With its TV-style direction and blandly generic visual style, The Heavenly Kid feels like an ABC Movie of the Week, only with a few dirty words and bouncing knockers to earn the PG-13 rating. It's an entirely bland and inert little flick, and it's never actually laugh-out-loud funny in any discernible way, but the thing's still got a low-key likability that should appeal to fans of the 1980s.
Because man oh man is this movie dead-solid stuck smack-dab in the center of 1985. From the clothes and the slang to the music to the cars, The Heavenly Kid all but reeks of the tackiest of all decades, which means the flick might work as a kooky little time capsule experiment for you and your old high school buddies.
Starring Lewis Smith (as the ghostly greaser) and Jason Gedrick (as the zero (slowly) turned hero), The Heavenly Kid was (drably) directed by Cary Medoway, a filmmaker notable in that he never once worked again after this movie. His only other flick was 1984's Paradise Motel, which is precisely what you think it is. Fans of folks like Jane Kaczmarek, Mark Metcalf, and Richard Mulligan might be pleased to know that they're in this movie, so there; now they know.

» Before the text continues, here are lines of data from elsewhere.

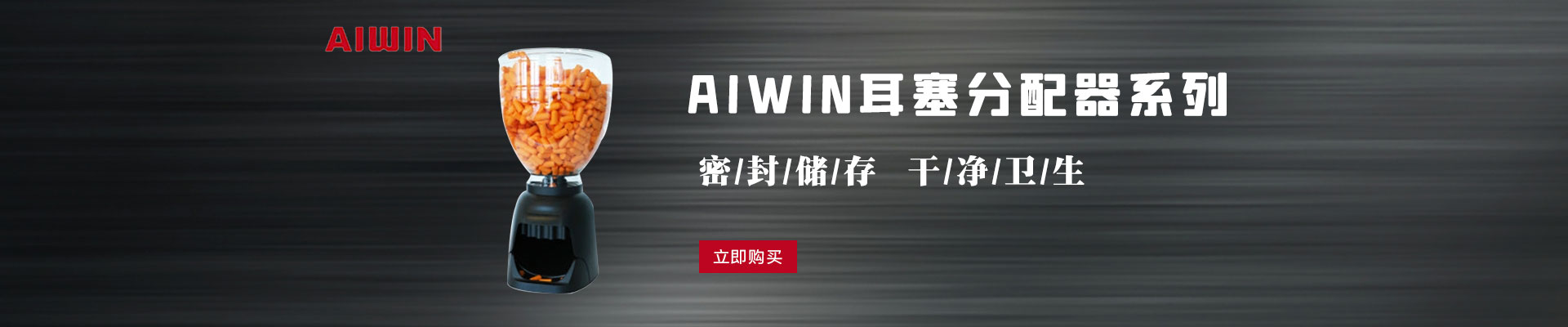 AIWIN|听力防护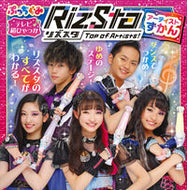 #MiyokoYamamoto #RizSta-TopOfArtists!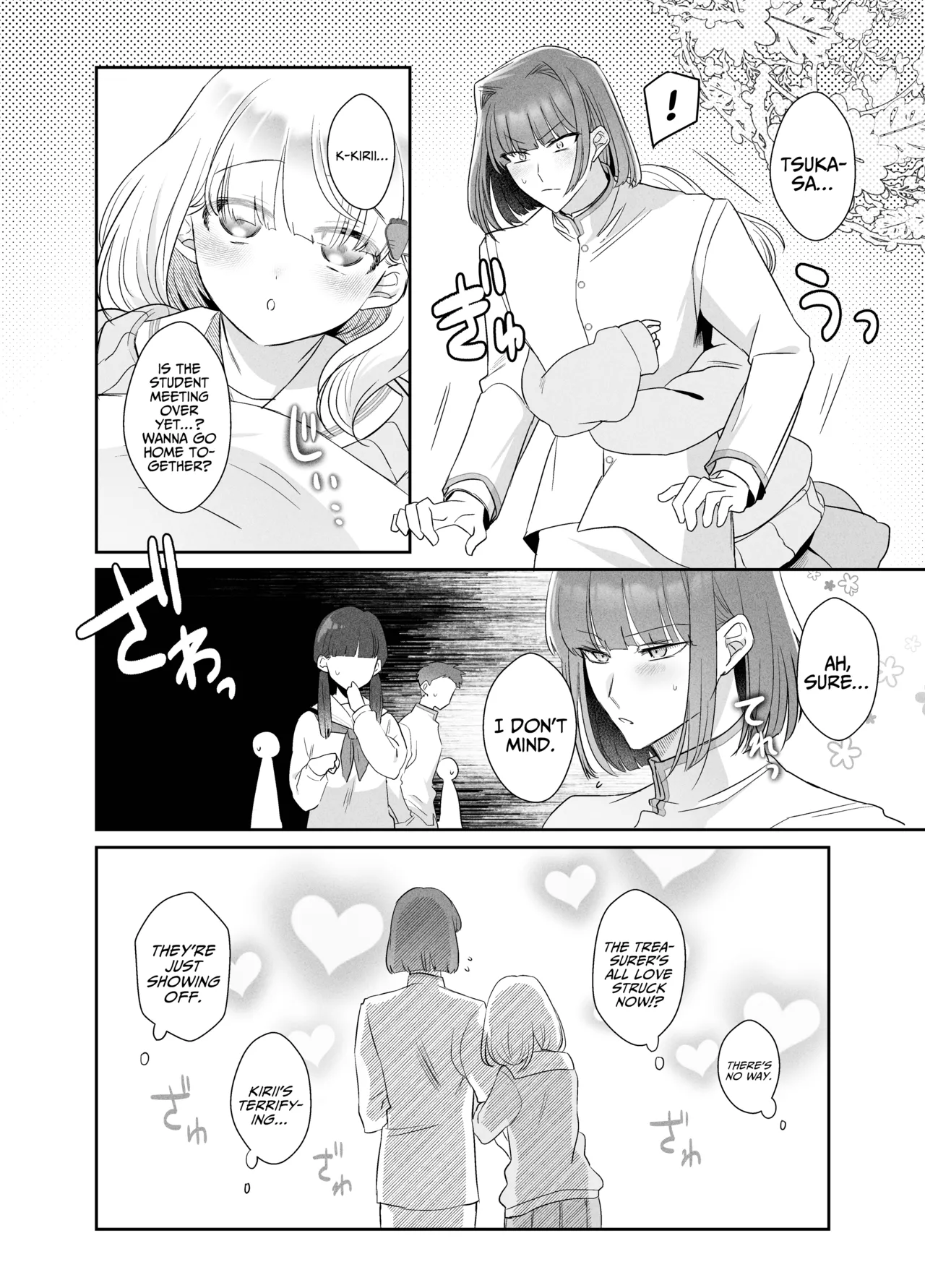 [Donden]Tsukasa-kun no Cream-ni[English] [A Cool Person] Page 50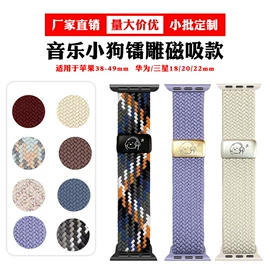 智能手表表带;手机挂绳;魔术贴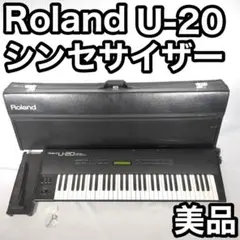 鍵盤楽器 Roland U-20 RS-PCM KEYBOARD Roland U-20 RS-PCM Keyboard
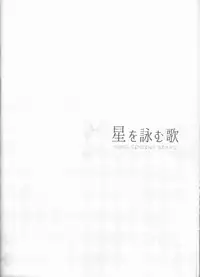 (Dai 12-ji ROOT4to5) [lirico (tsugumi)] Hoshi o Yomu Uta (Fate/Grand Order)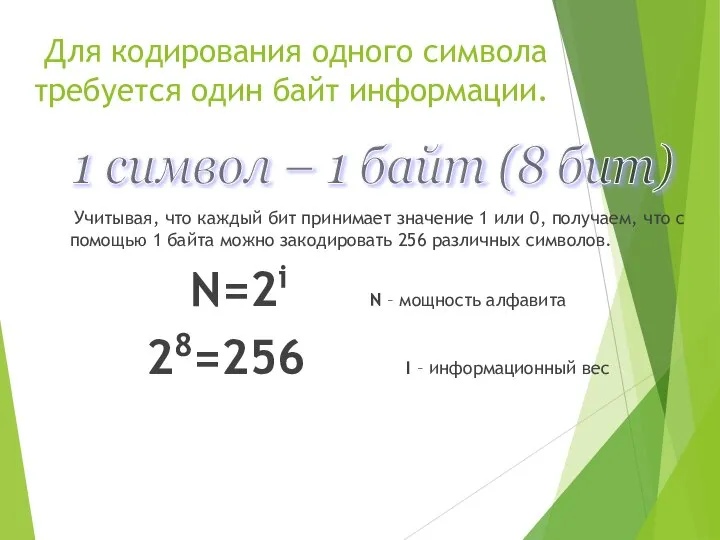 Для кодирования одного символа требуется один байт информации. Учитывая, что каждый бит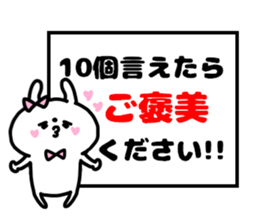 KA-KUN STICKERS sticker #15725525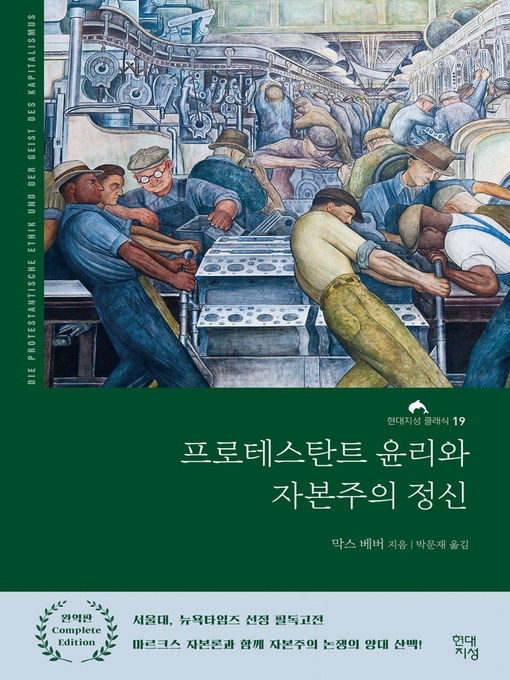 Title details for 프로테스탄트 윤리와 자본주의 정신 by 막스 베버 - Available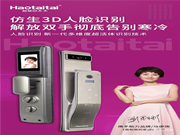 好太太智能鎖：各方面逐步完善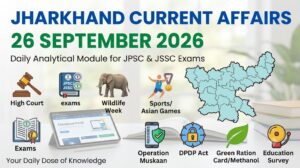 Jharkhand Current Affairs 26 September 2026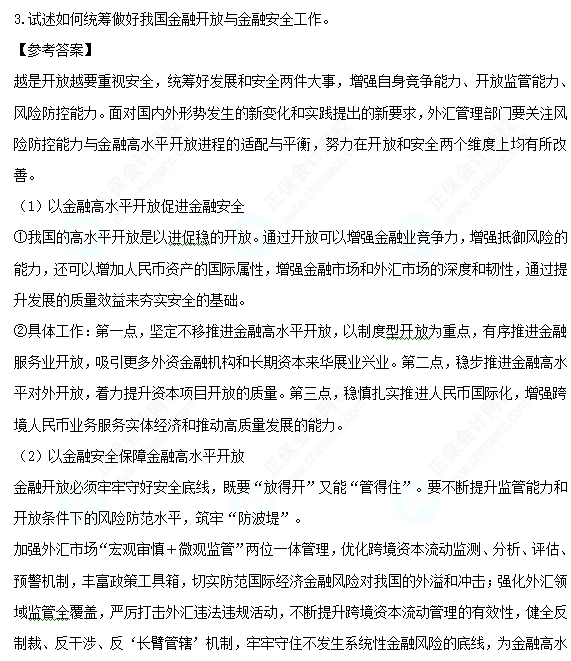 杨
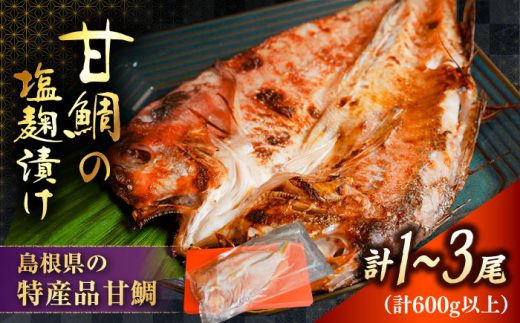 【料亭の味！ふっくらしっとりの仕上がり】漬け魚 甘鯛の塩糀漬け | 甘鯛 塩糀漬け 魚 海産物 美味しい 魚介 塩麹 魚 魚介類 アマダイ ぐじ 高級魚 塩麹漬け 塩糀漬け 1種 冷凍 個包装 焼くだけ 簡単調理 おかず 惣菜 ご飯のお供 ごはんのおとも お弁当 おつまみ つまみ ビールのお供 日本酒のお供 人気 おすすめ 美味しい 送料無料  島根県雲南市/有限会社石田魚店 [AICQ004]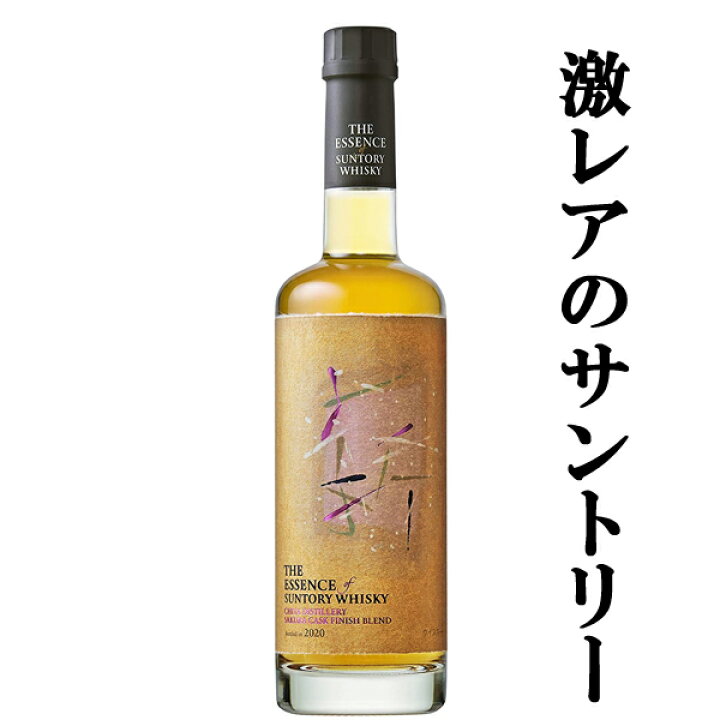楽天市場】【激レア！超限定出荷！】 サントリー エッセンス・オブ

Worthy of attention from only the staunchest of '80s archivists, The Heavenly Kid isn't so much an awful movie as it is just a "meh, whatever" flick. You'll rent it for the nostalgia value, you'll watch it ... and you'll forget completely about it within 24 minutes.
The DVD
Video: It's an anamorphic widescreen (1.85:1) transfer, which is pretty cool coming from a studio that seemingly chooses its Full Frame releases via dartboard. Picture quality here is predictably flat and un-thrilling. Watchable, but not too slick.
Audio: Dolby Digital 2.0 English or French, with optional subtitles in the same two languages.

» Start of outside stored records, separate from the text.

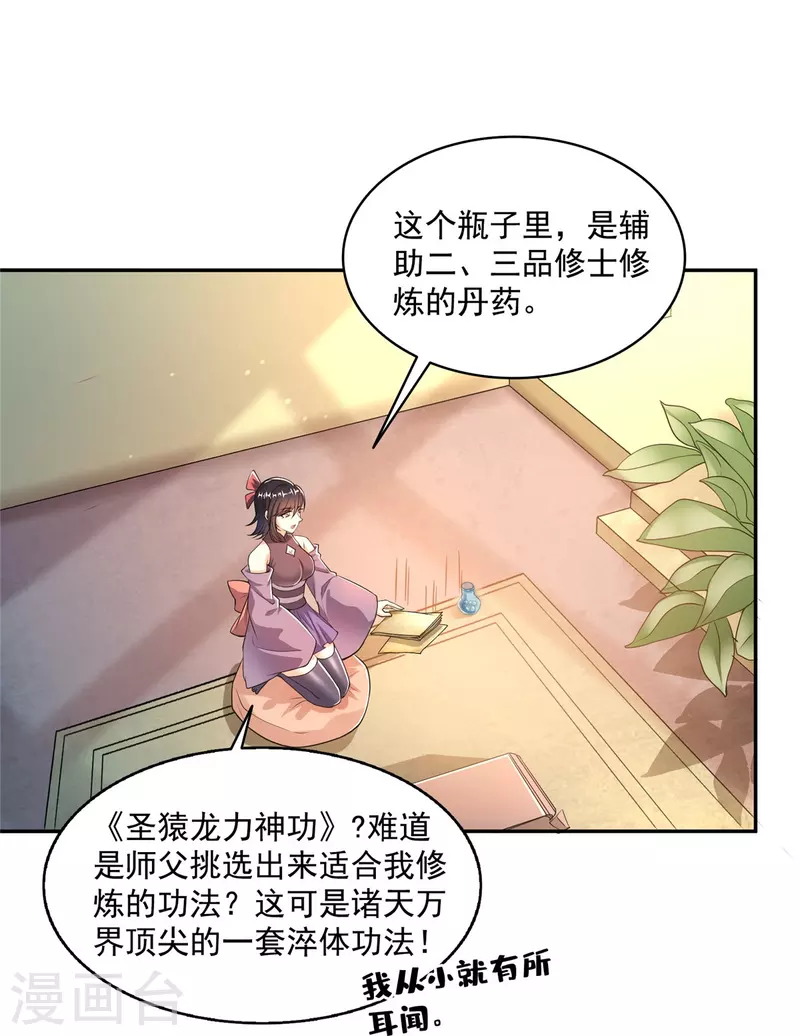 修真聊天群韩漫全集-第453话 玩个游戏吧！无删减无遮挡章节图片 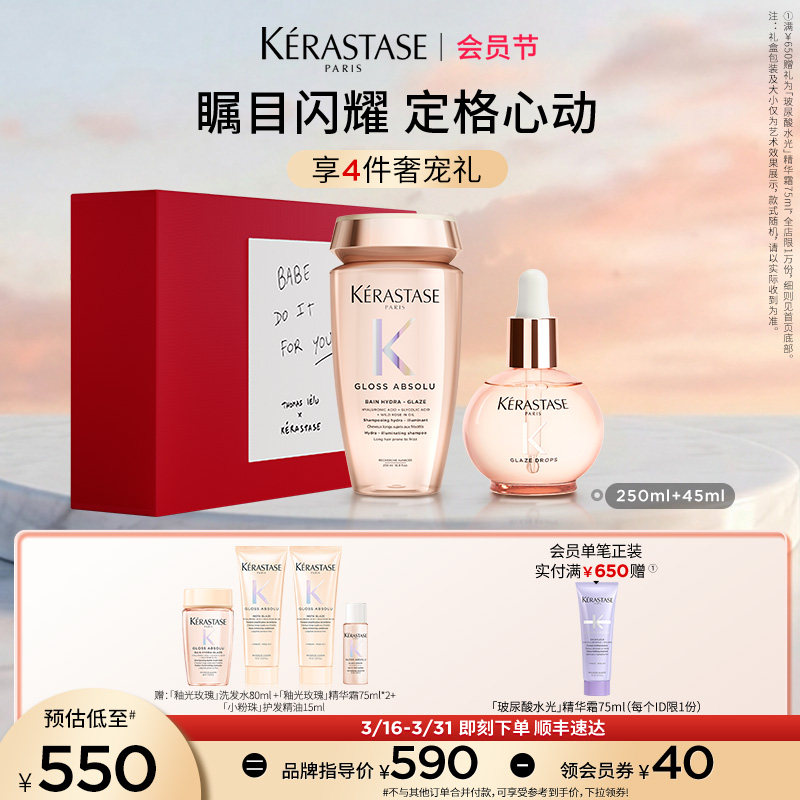 【官方正品】卡诗礼盒釉光玫瑰洗发水护发精油洗护套装礼物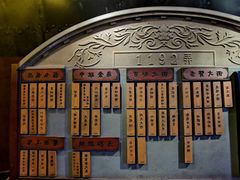 -双燕楼·手工馄饨·汤面小吃(世纪汇店)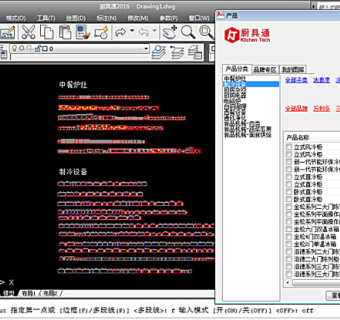 商用厨房设备CAD图块图片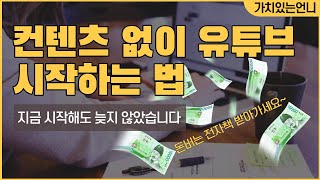 컨텐츠 없이 유튜브 시작하는 법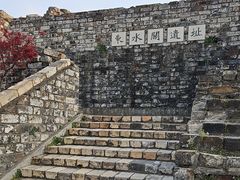 -东水关遗址公园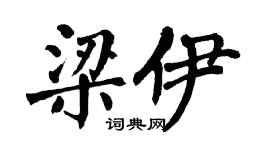 翁闿运梁伊楷书个性签名怎么写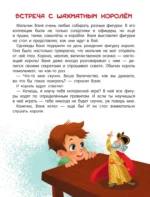 Шахматы для малышей. Учимся играть с 3-х лет — изображение 4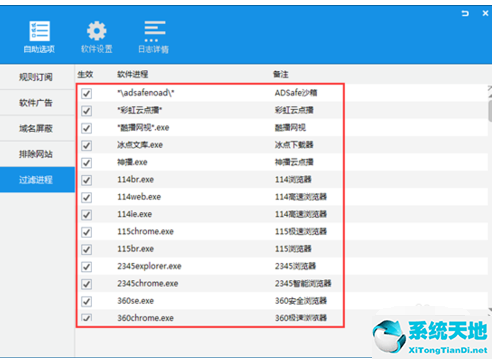 ADSafe净网大师设置白名单的操作教程截图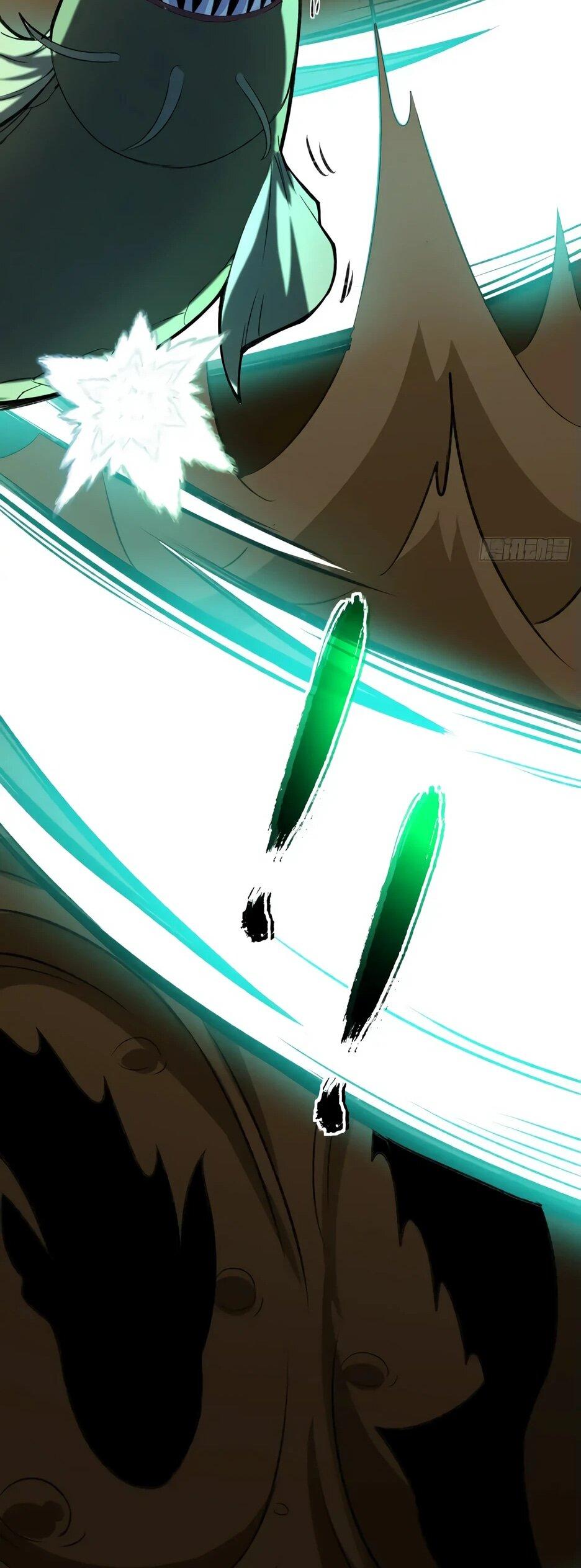 Манга Владыка Призыва спасает мир - Глава 21 Страница 23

Extras: Just a handful of trailers for Christmas with the Kranks, Madison, and Saved!
Final Thoughts
Corny, obvious, sappy, simple-minded, and trite, it's got all the most obvious pieces from the time-travel comedies and the "geek turned chic" movies. The Heavenly Kid is neither good enough to get excited about nor bad enough to raise any tempers. It's just another piece of cinematic kitsch from a decade that churned out dozens of 'em.